# Hybrid Sounds Library



## erodred (Jun 5, 2021)

Hello, I still consider myself a newb so not sure if this belongs in the sampletalk subforum or not.


I have been interested in Ava Instinct Trailer sounds and they recently released Eminence. I am wondering if anyone grabbed those and see a good difference between the two? I want to do some epic versions of classical music/background for film. Something to also compose for simulation videos for work or even background atmospheric music for some good old boardgames/ dungeons and dragons.

I have my orchestral grounds covered with Nucleus, BBCSO, CSS, CSB, CSW and NI Perc. 

But I want to be able to get some nice and easy drones, pads, etc. I really liked the sounds that were in Inception, Dark Knight, Avengers, Man of Steel. 
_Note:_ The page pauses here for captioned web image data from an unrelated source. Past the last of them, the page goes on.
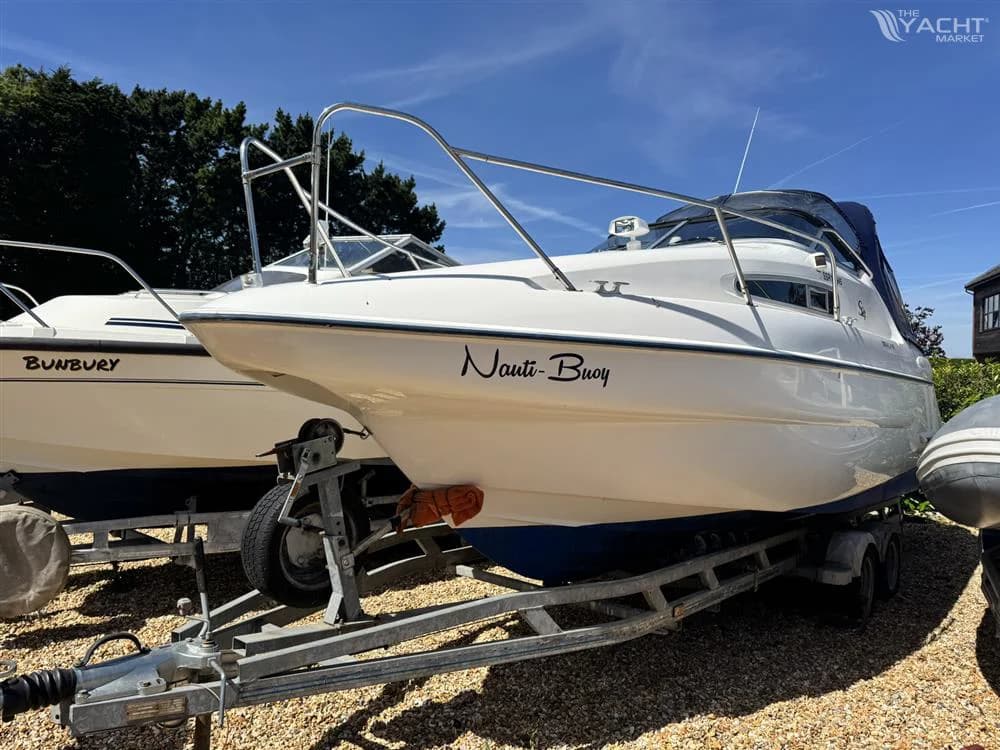 Sealine S24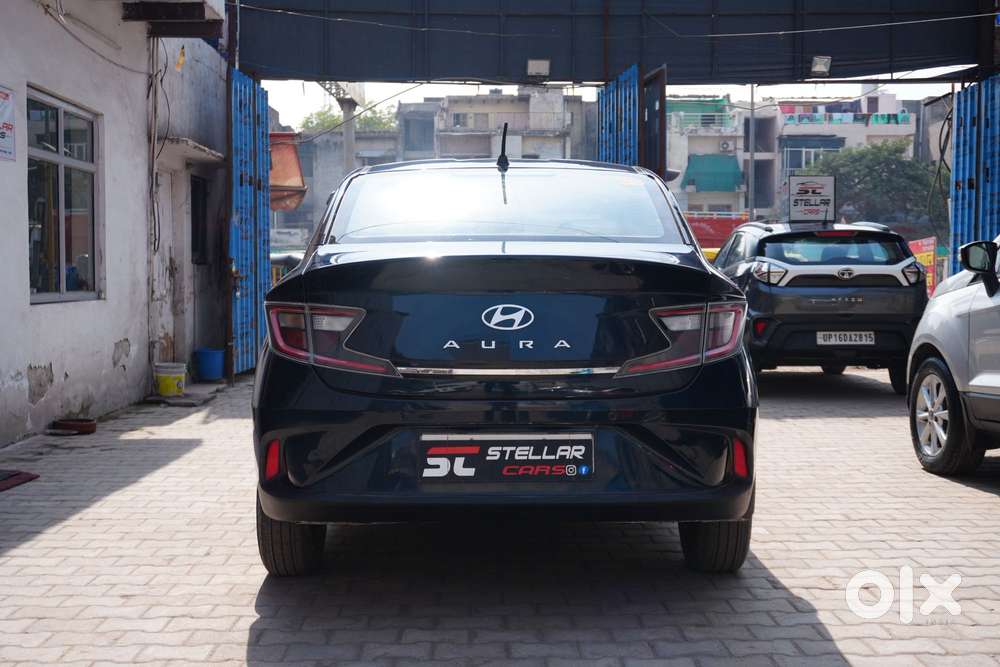 Hyundai Aura 1.2 S Cng, 2023, Petrol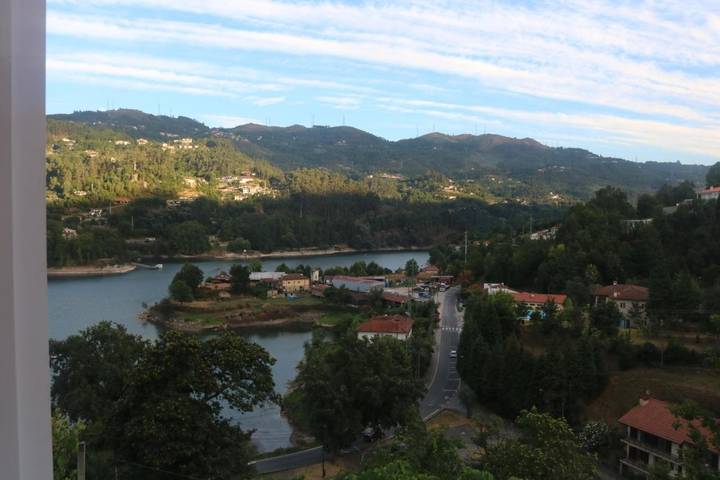 Gîte pour 8 personnes, avec vue et jardin dans Rio Caldo - 4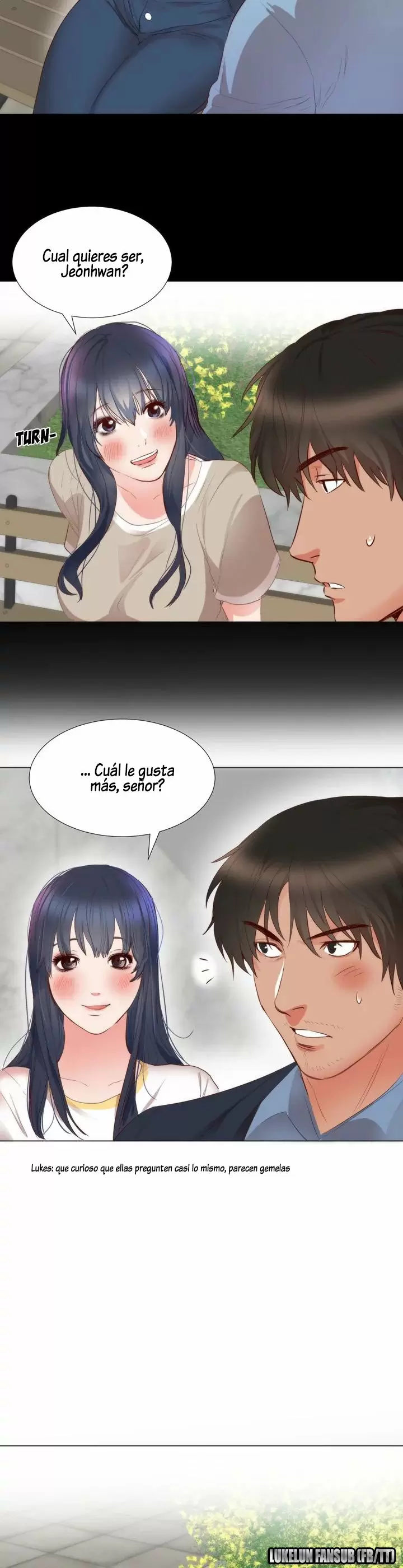 La hija de mi primer amor Capítulo 4 - Página 23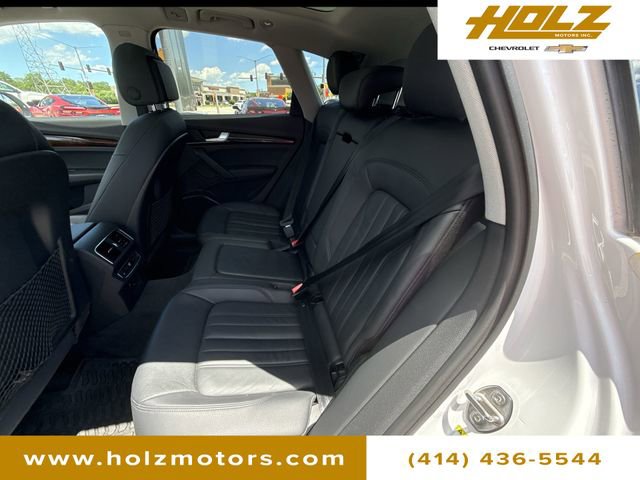 Used 2018 Audi Q5 2.0T Premium Plus w/ Premium Plus Package AWD/4WD image 27
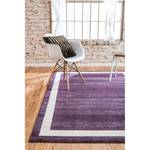 Tapis Good Times V Polypropylène / Coton - Mauve - 150 x 245 cm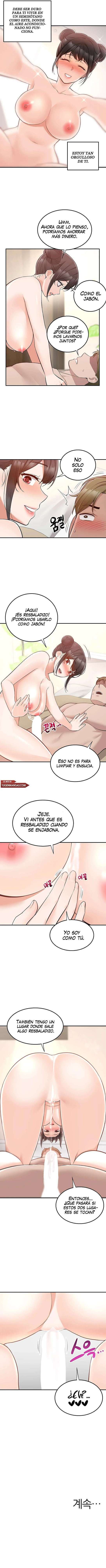 Repartidor de Placer capítulo 20 página 9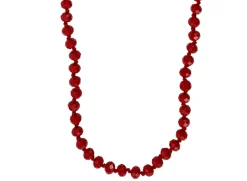 Collana - Red Glass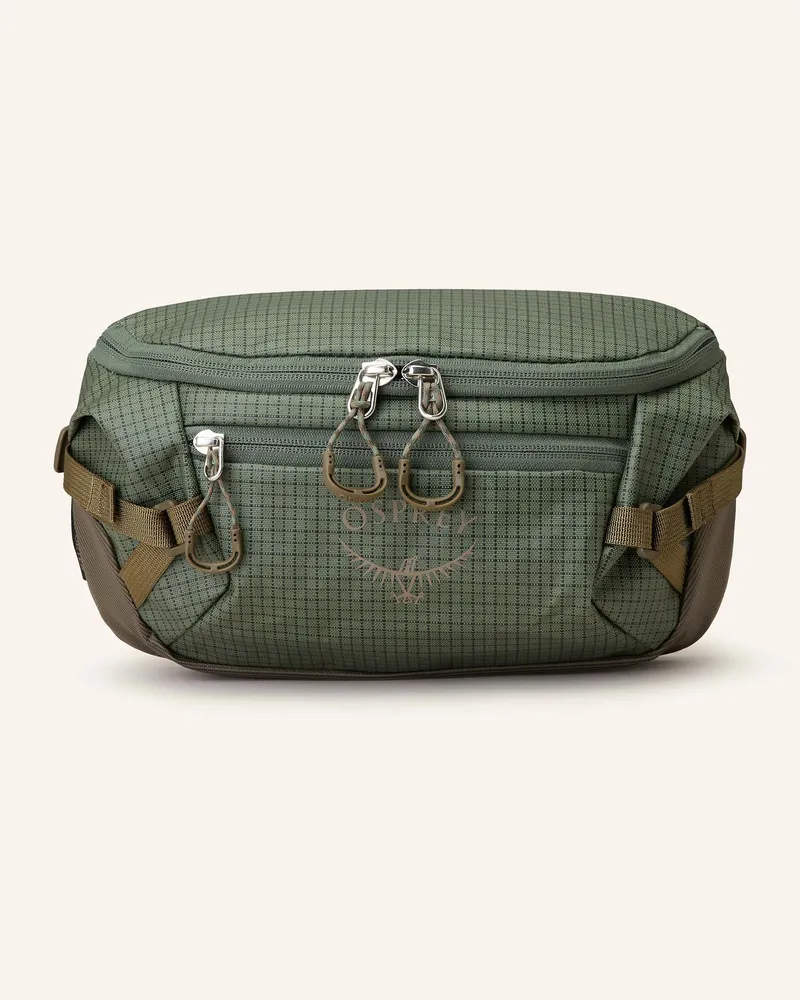Osprey Gürteltasche TRANSPORTER Oliv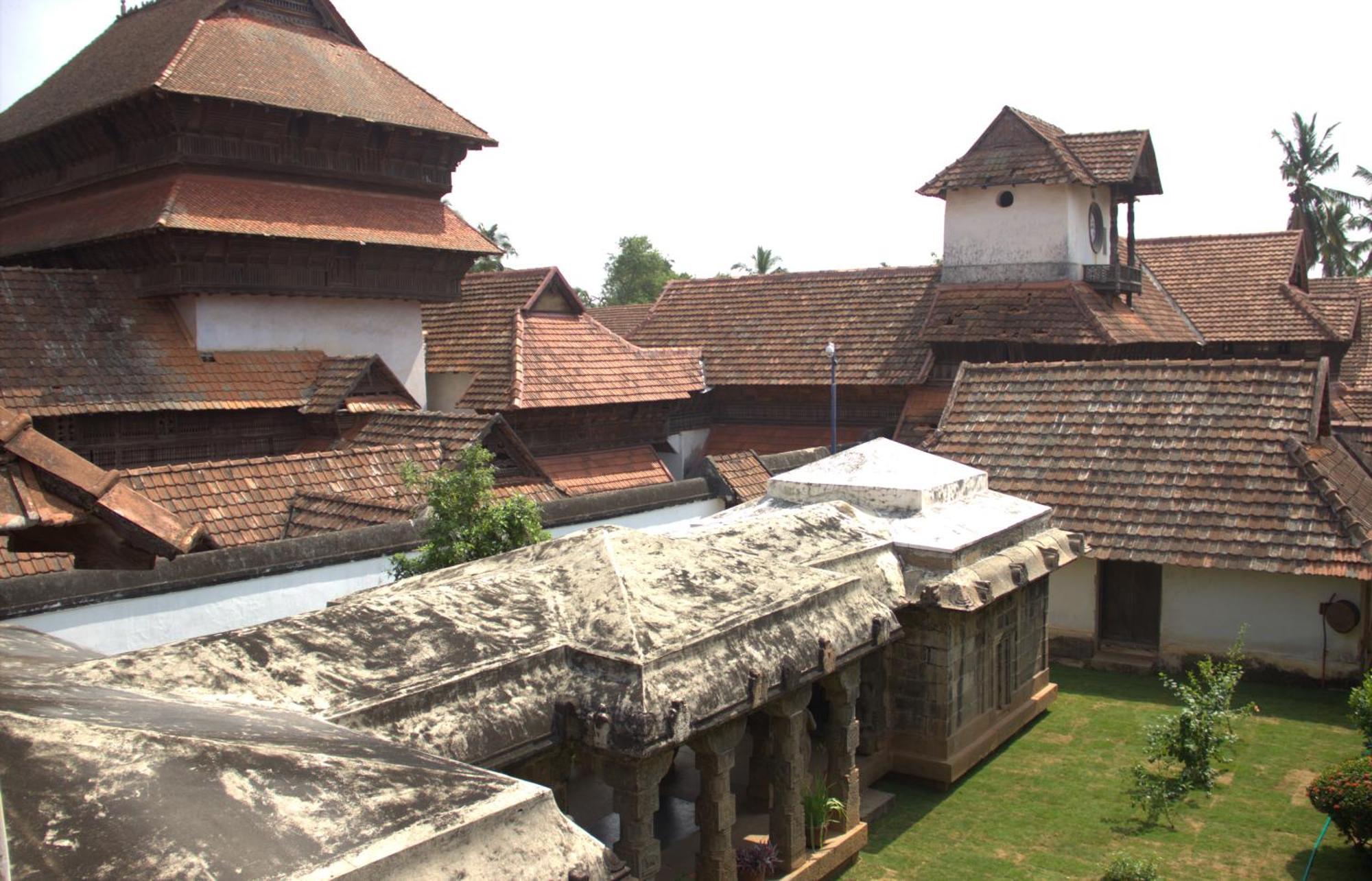 Countryside Inn Tiruvankod Екстериор снимка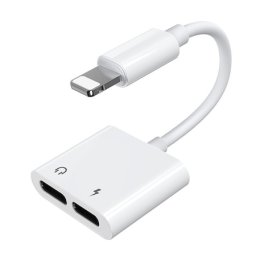 USB Lightning Apple iPhone5/iPad mini/iPad 4 Tolto/Audio adapter BH815 BlackBird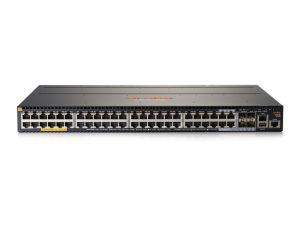 Aruba JL322A, 2930M Switch, 1440W, 44xPoE+ Port, 4xSFP Port, Managed, 1U Rack Mountable, Limited Lifetime Warranty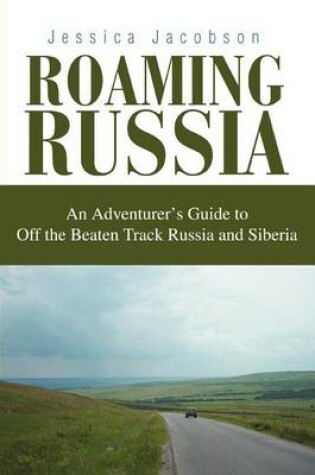 Cover of Roaming Russia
So far I looked at what Ava Music Group has which is very nicely priced, the Hybrid Two projects, and KeepForest. Not sure where to go from there. I am no sure if anyone can confirm but KeepForest seems pretty good at being epic although a bit more expensive. Hybrid Two has some epic sounds to it but can seem to sound too EDMish? And Avan seems very similar to the KeepForest offerings.

Anyone with experience?

Thanks in advance!


----------



## doctoremmet (Jun 5, 2021)

Maybe something in the 8Dio Hybrid range, for 50% off right now (with a coupon - ask support). May still be too expensive though for 50% off of their HIGH MSRPs, there have been better sales.

Also: SoundYeti stuff?


----------



## stixman (Jun 6, 2021)

Check out Vps Avenger when on sale...opens up with new expansions including cinematic like their new Dystopia ...get the 5 pack bundle at half price...you can leave free slots for future expansions that you can choose as they get released...and they are released quite regularly...btw I have most of the ones you mentioned and they are all good.


----------



## erodred (Jun 6, 2021)

stixman said:


> Check out Vps Avenger when on sale...opens up with new expansions including cinematic like their new Dystopia ...get the 5 pack bundle at half price...you can leave free slots for future expansions that you can choose as they get released...and they are released quite regularly...btw I have most of the ones you mentioned and they are all good.


Thank you.

Which one do you find yourself using the most?


----------



## Drundfunk (Jun 6, 2021)

Since you already own Nucleus, also take a look at Audio Imperia's stuff. Also since you also want pads and not only trailer sounds look at AI's Photosynthesis series (or create the pads yourself with some cool reverb. Valhalla Shimmer is quite nice for those tasks).


----------



## el-bo (Jun 6, 2021)

Drundfunk said:


> Since you already own Nucleus, also take a look at Audio Imperia's stuff. Also since you also want pads and not only trailer sounds look at AI's Photosynthesis series (or create the pads yourself with some cool reverb. Valhalla Shimmer is quite nice for those tasks).


 While I don't own it, AI/Jeremiah Pena's Photosynthesis libraries are definitely viable options. Also a lot of cheap/free options to be had, especially if one owns Kontakt 

Edited: Thought this was the 8Dio thread, for some reason.


----------



## stixman (Jun 6, 2021)

erodred said:


> Thank you.
> 
> Which one do you find yourself using the most?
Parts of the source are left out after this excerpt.